Description of the task
Every line from the one with "Ein zweistöckiges Haus" through the final line of the data below goes in the answer, copied exactly. Pictures do not.
==== Given data
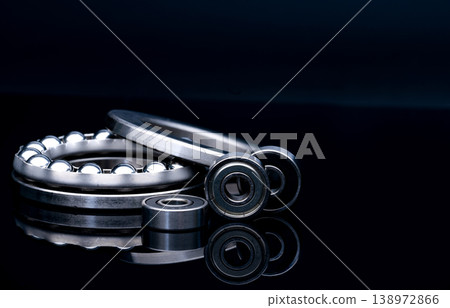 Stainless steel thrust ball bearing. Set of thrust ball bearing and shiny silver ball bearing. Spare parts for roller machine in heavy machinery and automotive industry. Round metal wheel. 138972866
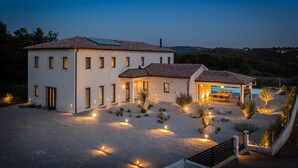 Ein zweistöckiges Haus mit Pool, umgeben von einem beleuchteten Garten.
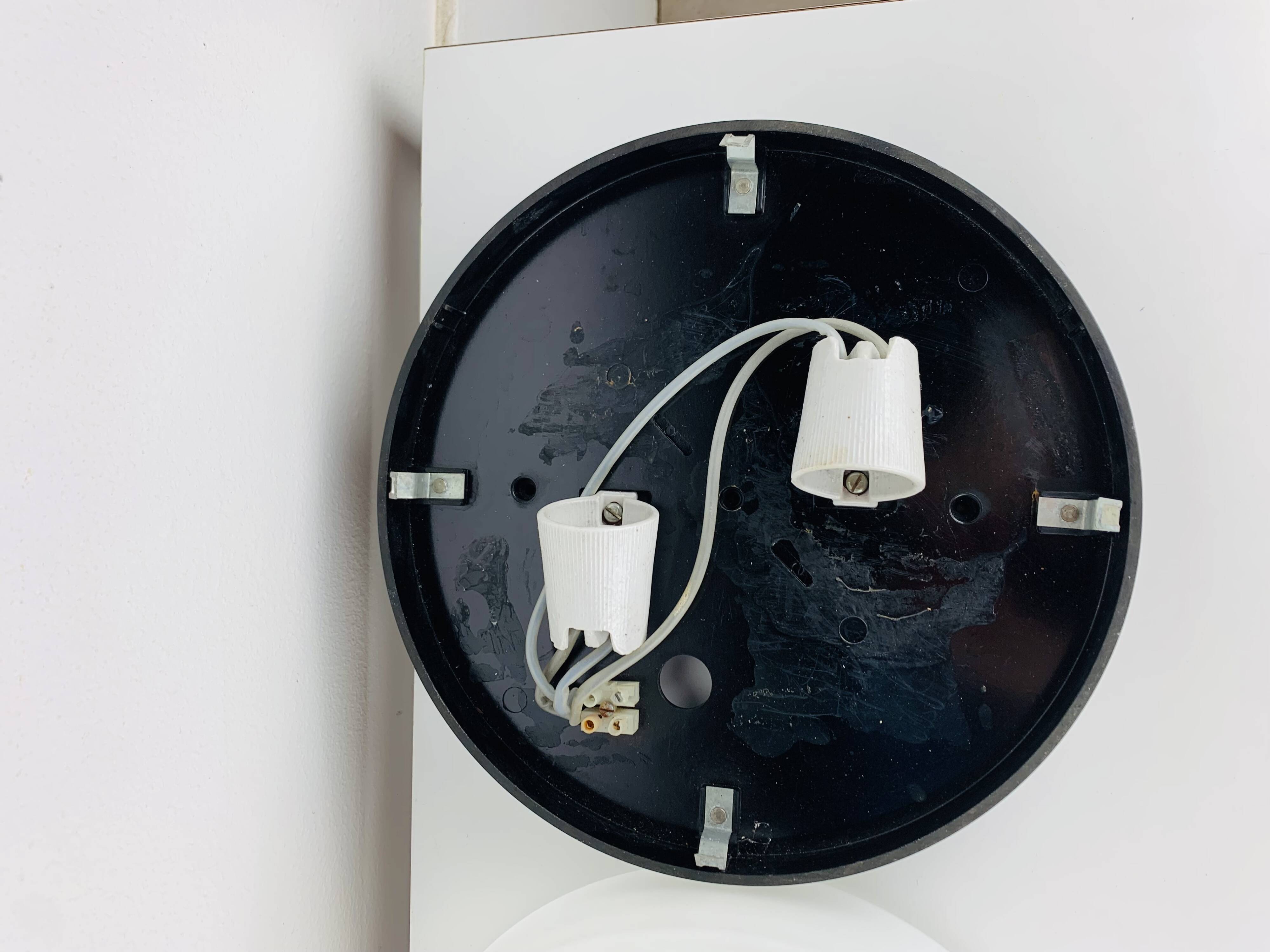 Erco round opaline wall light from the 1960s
========
Reply
 Ein zweistöckiges Haus mit Pool, umgeben von einem beleuchteten Garten.
 Erco round opaline wall light from the 1960s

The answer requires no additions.